I would like to simplify the following integral
$$\int ds \frac{s^n}{\sqrt{1-s^2}}\frac{1}{\sqrt{-(s-s_1)(s-s_2)(s-s_3)}}$$.
for $n=0, 1$, and $2$. Here, $s_1$, $s_2$, and $s_3$ are constants (they come from the roots of a complicated cubic polynomial). I'm pretty sure that this integral can be rewritten in terms of elliptic integrals for each $n$, but I'm not sure how to proceed. Any help would be greatly appreciated!
I will write here a (very) partial answer to your problem.
First of all, I am going to consider only one case, that is $n = 0$. Even in this case, it seems like no expression exists for a "primitive" of that integral.
However if we make a deal (a bad one) we can manage to find an expression. The deal is: one of the three roots must be zero. If that happens, then we have a very nasty expression for the integral.
I will use $a, b, c$ instead of $s_1, s_2, s_3$ to avoid confusion and to write clear.
In the first case, we need to assume $c = 0$ to get an expression for the integral, as said.

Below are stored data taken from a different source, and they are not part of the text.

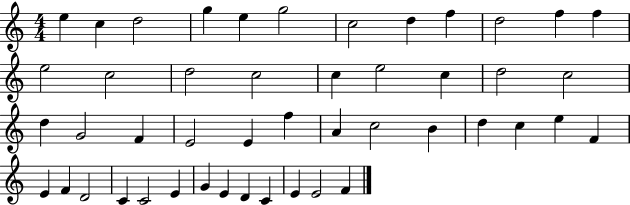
{
  \clef treble
  \numericTimeSignature
  \time 4/4
  \key c \major
  e''4 c''4 d''2 | g''4 e''4 g''2 | c''2 d''4 f''4 | d''2 f''4 f''4 | \break e''2 c''2 | d''2 c''2 | c''4 e''2 c''4 | d''2 c''2 | \break d''4 g'2 f'4 | e'2 e'4 f''4 | a'4 c''2 b'4 | d''4 c''4 e''4 f'4 | \break e'4 f'4 d'2 | c'4 c'2 e'4 | g'4 e'4 d'4 c'4 | e'4 e'2 f'4 | \break \bar "|."
}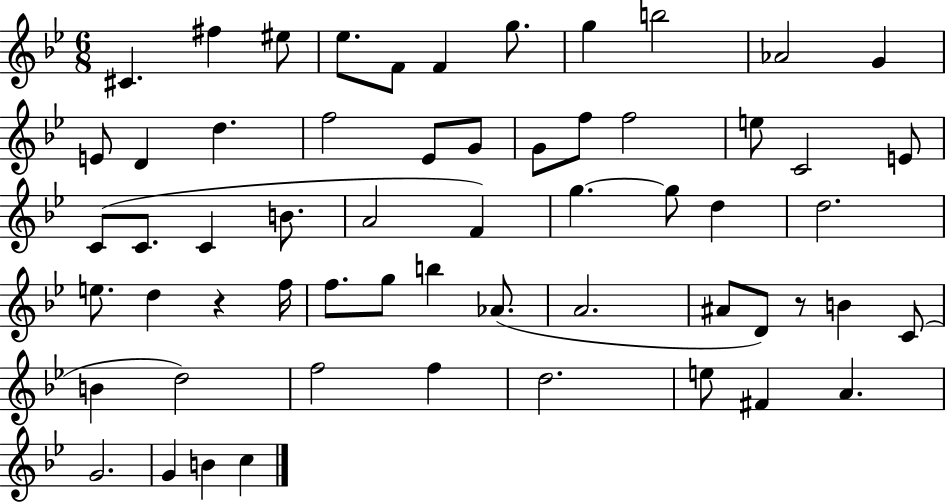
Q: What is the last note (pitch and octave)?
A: C5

$$\int \frac{\text{d}s}{\sqrt{1-s^2}}\frac{1}{\sqrt{-s^2(s-a)(s-b)}} = -\frac{\color{blue}{2 (s-1) s (b-s) \sqrt{\frac{(s+1) (a-b)}{(b+1) (a-s)}} \left(b F\left(\sin ^{-1}\left(\sqrt{\frac{(a-1) (b-s)}{(b-1) (a-s)}}\right)|\frac{(a+1) (b-1)}{(a-1) (b+1)}\right)+(a-b) \Pi \left(\frac{a (b-1)}{(a-1) b};\sin ^{-1}\left(\sqrt{\frac{(a-1) (b-s)}{(b-1) (a-s)}}\right)|\frac{(a+1) (b-1)}{(a-1) (b+1)}\right)\right)}}{\color{red}{a (b-1) b \sqrt{1-s^2} \sqrt{\frac{(a-1) (s-1) (a-b) (b-s)}{(b-1)^2 (a-s)^2}} \sqrt{s^2 (a-s) (s-b)}}}$$
Where $F$ denotes the complete Elliptic integral of the first kind and $\Pi$ denotes the complete elliptic integral of the third kind.
Second case: $n = 1$.
Here we get, assuming $c = 0$ as before.
$$\int \frac{s}{\sqrt{1-s^2}}\frac{1}{\sqrt{-s^2(s-a)(s-b)}}\text{d}s = \frac{\color{blue}{2 \sqrt{\frac{(s-1) (a-b)}{(b-1) (a-s)}} \sqrt{\frac{(s+1) (a-b)}{(b+1) (a-s)}} \sqrt{-s^2 (s-a) (s-b)} F\left(\sin ^{-1}\left(\sqrt{\frac{(a+1) (b-s)}{(b+1) (a-s)}}\right)|\frac{(a-1) (b+1)}{(a+1) (b-1)}\right)}}{\color{red}{s \sqrt{1-s^2} (a-b) \sqrt{\frac{(a+1) (b-s)}{(b+1) (a-s)}}}}$$
With the same meaning of $F$ as before.
Again I did not find any expression for $c\neq 0$.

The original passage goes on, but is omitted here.